▸ **Prompt**: Pictures aside, reproduce exactly and only the lines from the one containing "Vince Camuto Women's" through the end of the records.

Records supplied START

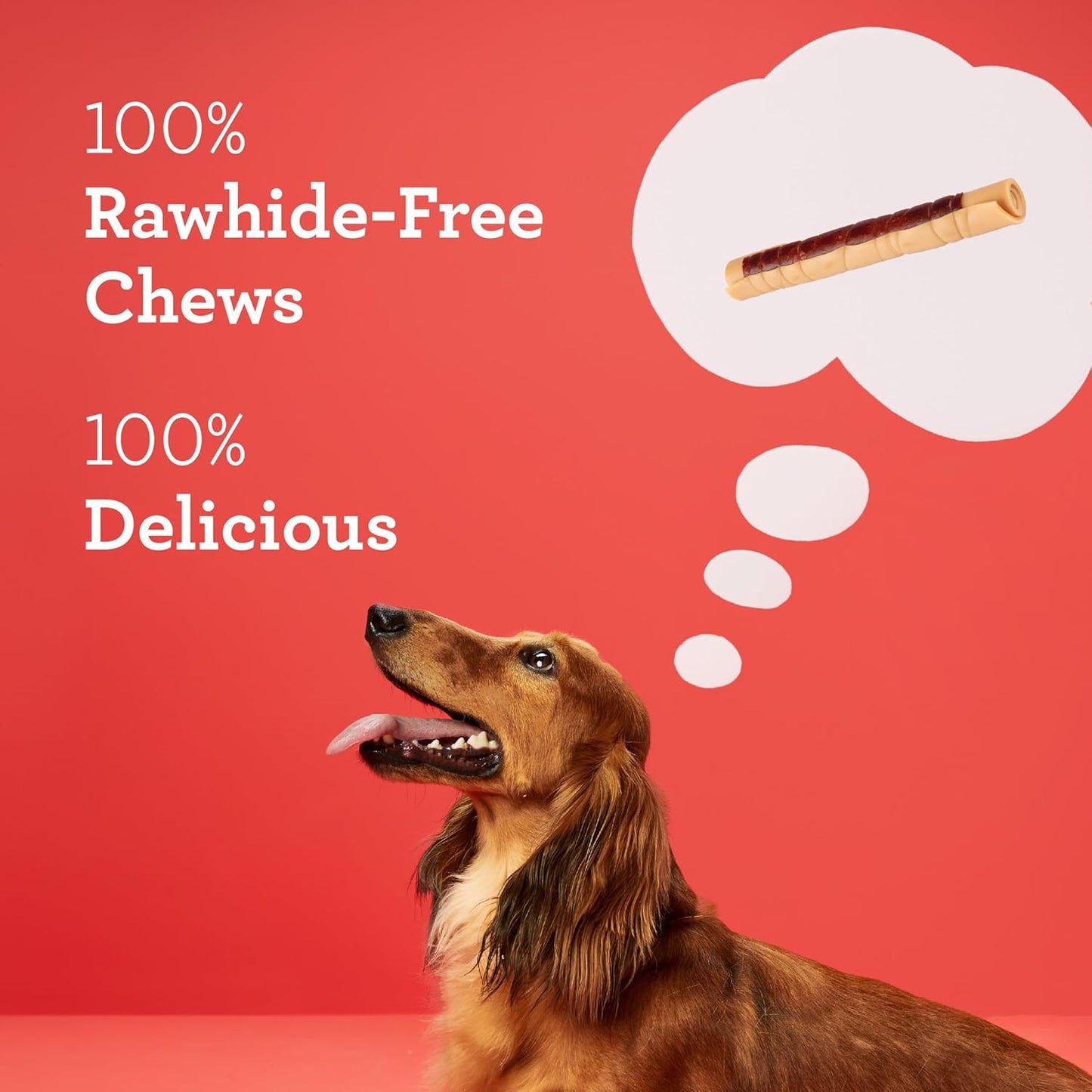DreamBone highly digestible chicken wrapped dog treats ingredients side label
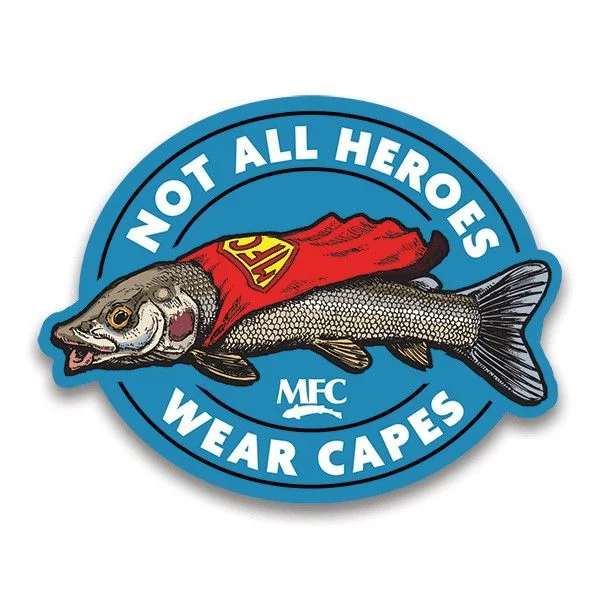 Fishing reel storage case-MFC Signature Sticker - Hero Cape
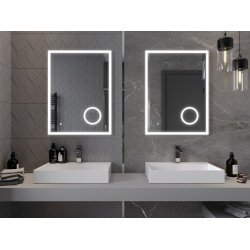 Mexen Kala  Oglinda de baie iluminata  cu cosmetica option 80 x 60 cm, LED 6000K, cu dezaburire-9820-060-080-611-00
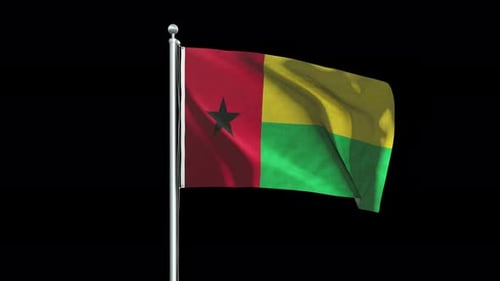 Realistic Waving Guinea-Bissau Flag Animation on Pole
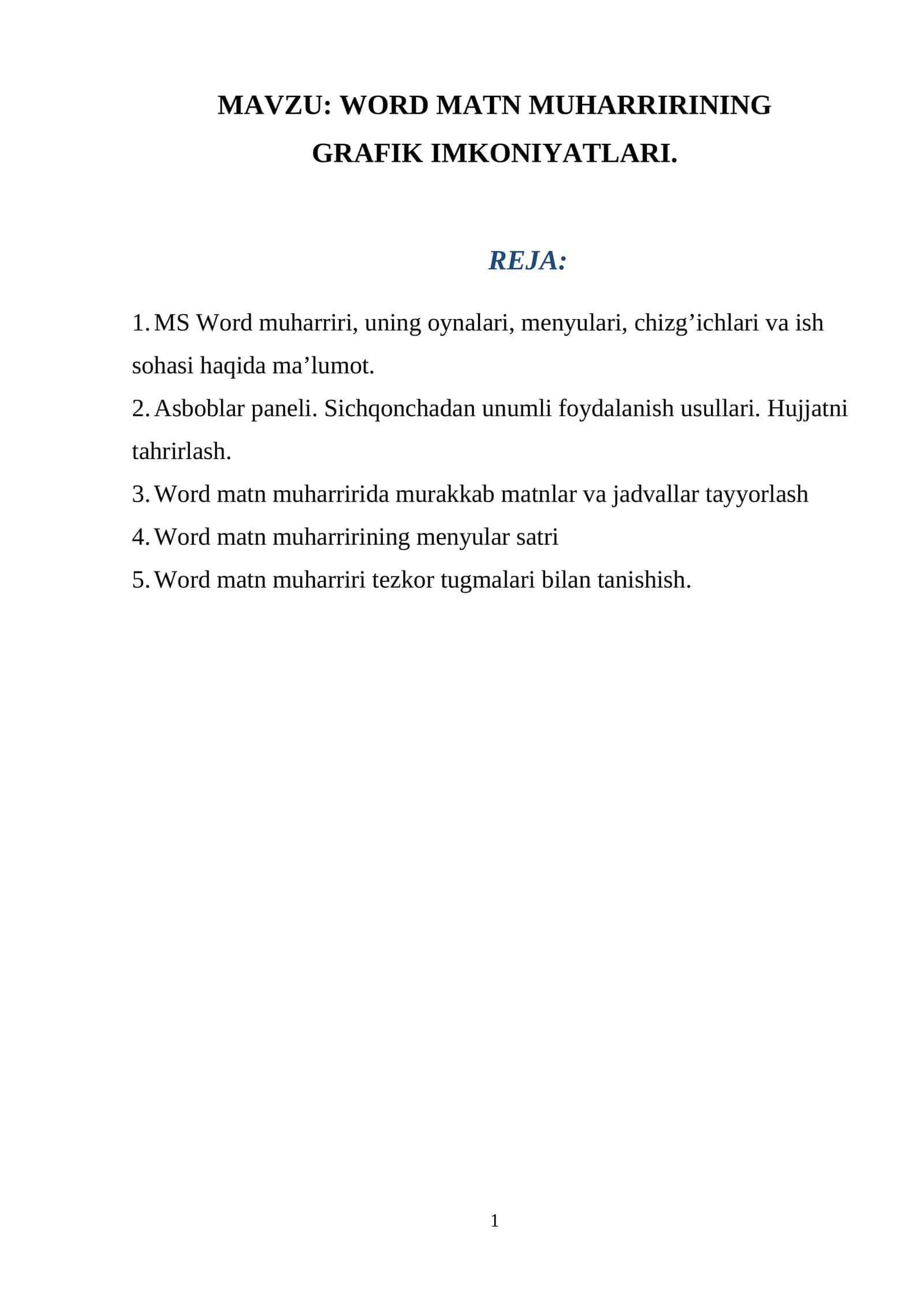 WORD MATN MUHARRIRINING GRAFIK IMKONIYATLARI 1
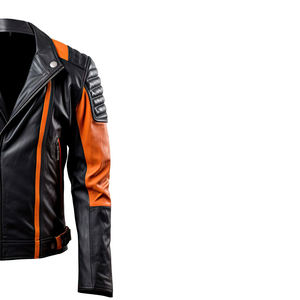 Veste en cuir coupe-vent pour moto homme, couleurs et logo personnalisés, qualité d'exportation OEM 2026 - Product Image 3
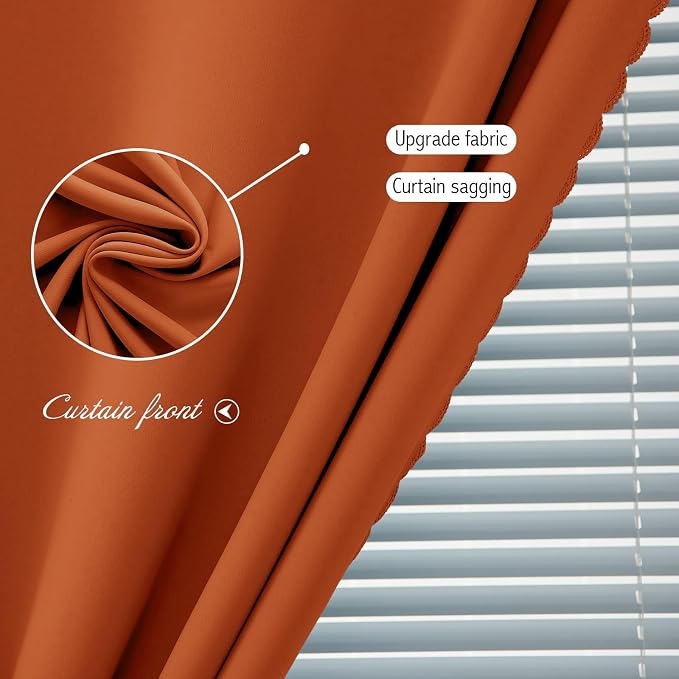 Self Adhesive Curtains Portable Blackout Curtain Simple and Easy to Install Bedroom Window Thermal Lnsulated Kitchen Room Darkening Black Small Drapes, 59" W X 84" L, Orange, 1 Panel - Image 6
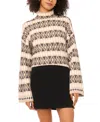 Vince Camuto Women's Diamond Pattern Turtle Neck Sweater In Brown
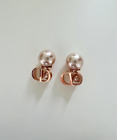 Christian Dior Pink Gold Tribales Faux Pearl Dangle Charm Earrings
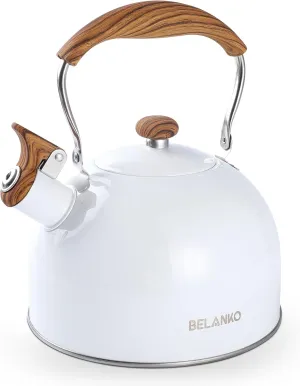 Tea Kettle, BELANKO 85 OZ / 2.5 Liter Whistling Tea Kettle, Tea Pots for Stove Top Food Grade Stainless Steel with Wood Pattern Folding Handle, Loud Whistle Kettle for Tea, Coffee, Milk - Gloss White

Records supplied END

▸ **Answer section**:
 Vince Camuto Women's Diamond Pattern Turtle Neck Sweater In Brown
 Christian Dior Pink Gold Tribales Faux Pearl Dangle Charm Earrings
 Tea Kettle, BELANKO 85 OZ / 2.5 Liter Whistling Tea Kettle, Tea Pots for Stove Top Food Grade Stainless Steel with Wood Pattern Folding Handle, Loud Whistle Kettle for Tea, Coffee, Milk - Gloss White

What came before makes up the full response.